Wet weather prevented thousands of acres of crops from being planted last year in Virginia

(Creative Commons via Flickr/Deh Solutions)

Virginia’s amber waves of grain are short 40,000 acres this year thanks to an unusually wet past year.

Compared to a record 19.4 million acres of land nationwide that couldn’t be planted due to weather or natural disaster, that’s a drop in the bucket. But it’s also about eight times higher than the 5,500 acres Virginia farmers were unable to plant in 2018.

The vast majority of Virginia’s unplanted crops this year were intended for wheat, which made up about 39,000 of the state’s 40,000 unplanted acres. Last year, only about 800 acres of wheat weren’t planted, with most of the unseeded acreage slated for corn and soybeans.

So why the sudden jump? Tony Banks, a commodity marketing specialist for the Virginia Farm Bureau Federation, attributed the increase to “excessive rain” that delayed wheat planting beyond the final planting dates set for crop insurance.
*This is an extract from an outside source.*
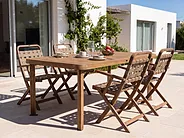 Tavolo da pranzo per 6 persone RONCELLO 180 cm 90 cm Legno d'acacia Marrone_1156006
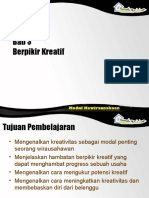 Bab 4 Berpikir Kreatif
To receive payments for prevented plantings, farmers must meet federal criteria such as complying with planting deadlines.
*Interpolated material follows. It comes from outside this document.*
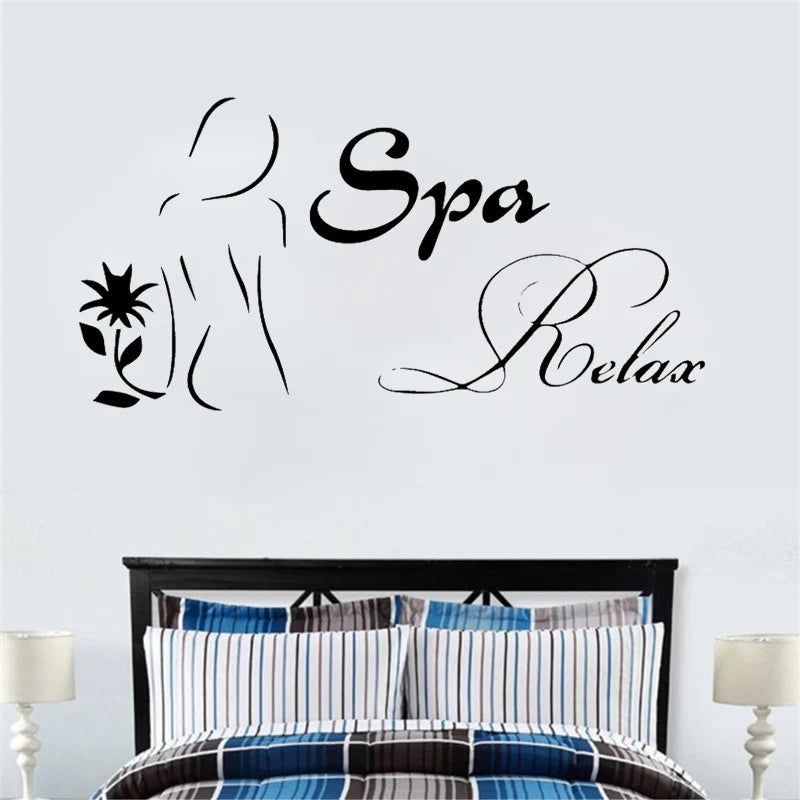 European-Style Spa Wall Stickers Decorative Sticker Home Decor For Kids Room Decoration Decoration Accessories Murals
“In some instances, like Southside, multiple flooding events prevented planting the fall crops altogether,” Banks said.

Michael Wallace, assistant director of communications for the Virginia Department of Agriculture and Consumer Services, said that besides wet field conditions, “in all likelihood there are many factors involved, but we do not know what those are.”

Catastrophic flooding in the Midwest was responsible for the nationwide surge in prevented plantings, which affected about 17.5 million more acres this year than last year.

In 2017, Virginian farmers planted more than 150,000 acres of wheat, producing over 10 million bushels of the crop.